Records from a collection
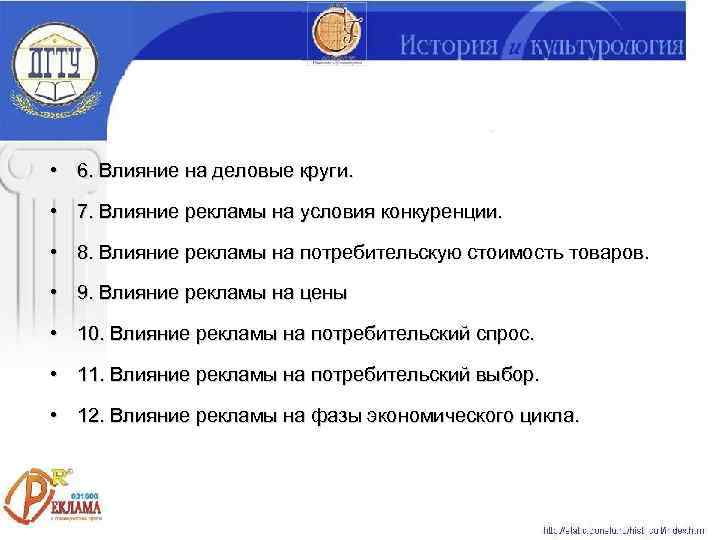  • 6. Влияние на деловые круги.  • 7. Влияние рекламы на условия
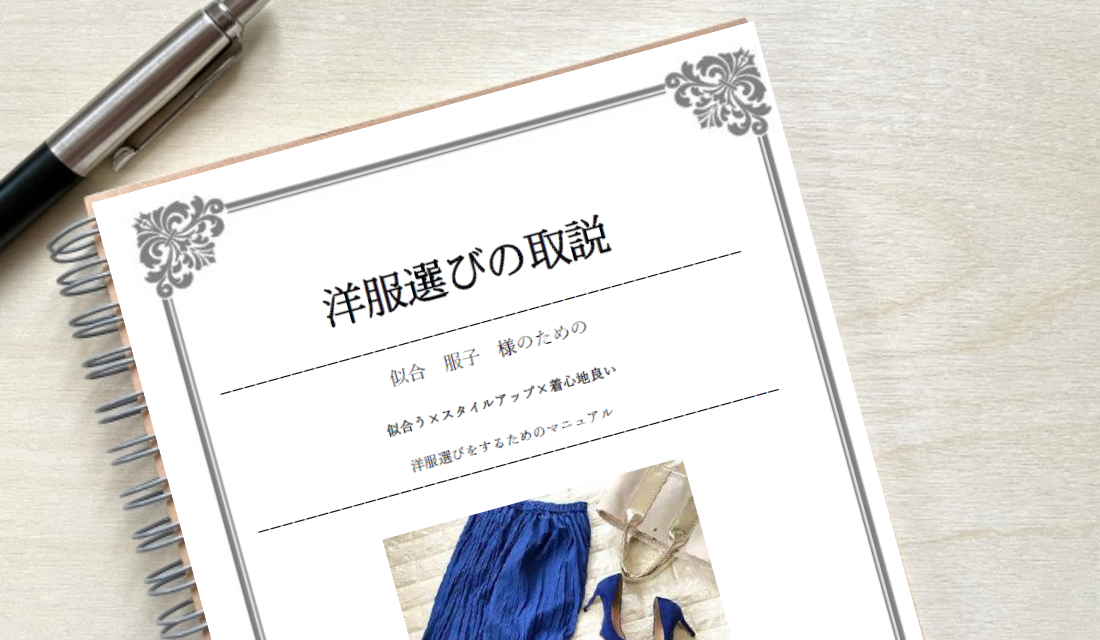 婦人服オーダーFillty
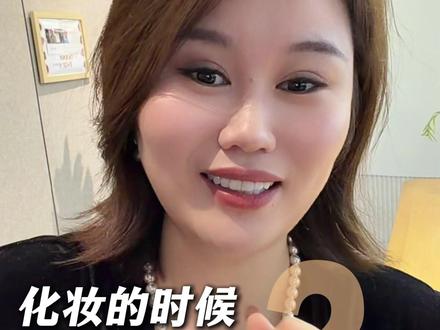 化妆的时候容易搓泥怎么办? #化妆搓泥 #化妆技巧 #中泥坊 #教知识 #皮肤管理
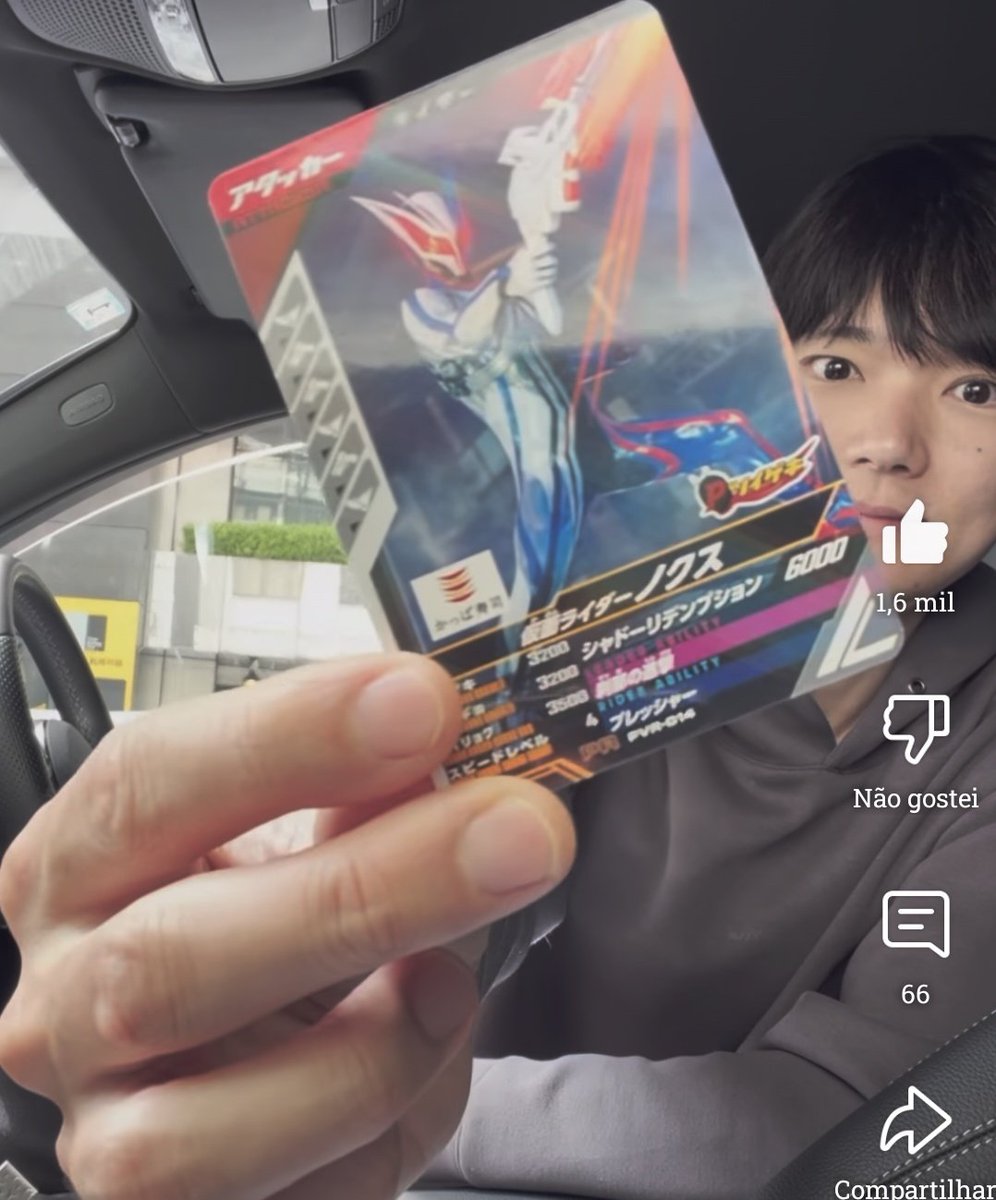 SirKamiWalker's tweet photo. Yuki Furukawa postou um novo vídeo onde ele está abrindo cartinhas de Zeztz e feliz porque tirou mais cartas do Nox para sua coleção https://t.co/WsiDGGapEg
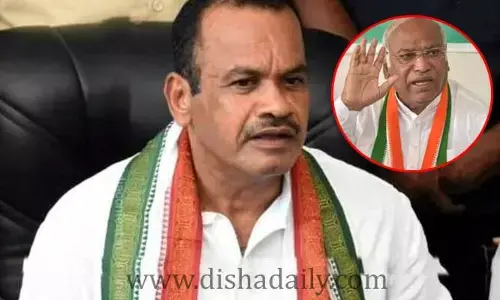 ఖర్గేతో Komatireddy Venkat Reddy భేటీ!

ACTIVITY –
Every record must be returned exactly. Leave its pictures out.

EXERCISE SOLUTION –
  • 6. Влияние на деловые круги.  • 7. Влияние рекламы на условия
 婦人服オーダーFillty
 化妆的时候容易搓泥怎么办? #化妆搓泥 #化妆技巧 #中泥坊 #教知识 #皮肤管理
 SirKamiWalker's tweet photo. Yuki Furukawa postou um novo vídeo onde ele está abrindo cartinhas de Zeztz e feliz porque tirou mais cartas do Nox para sua coleção https://t.co/WsiDGGapEg
 ఖర్గేతో Komatireddy Venkat Reddy భేటీ!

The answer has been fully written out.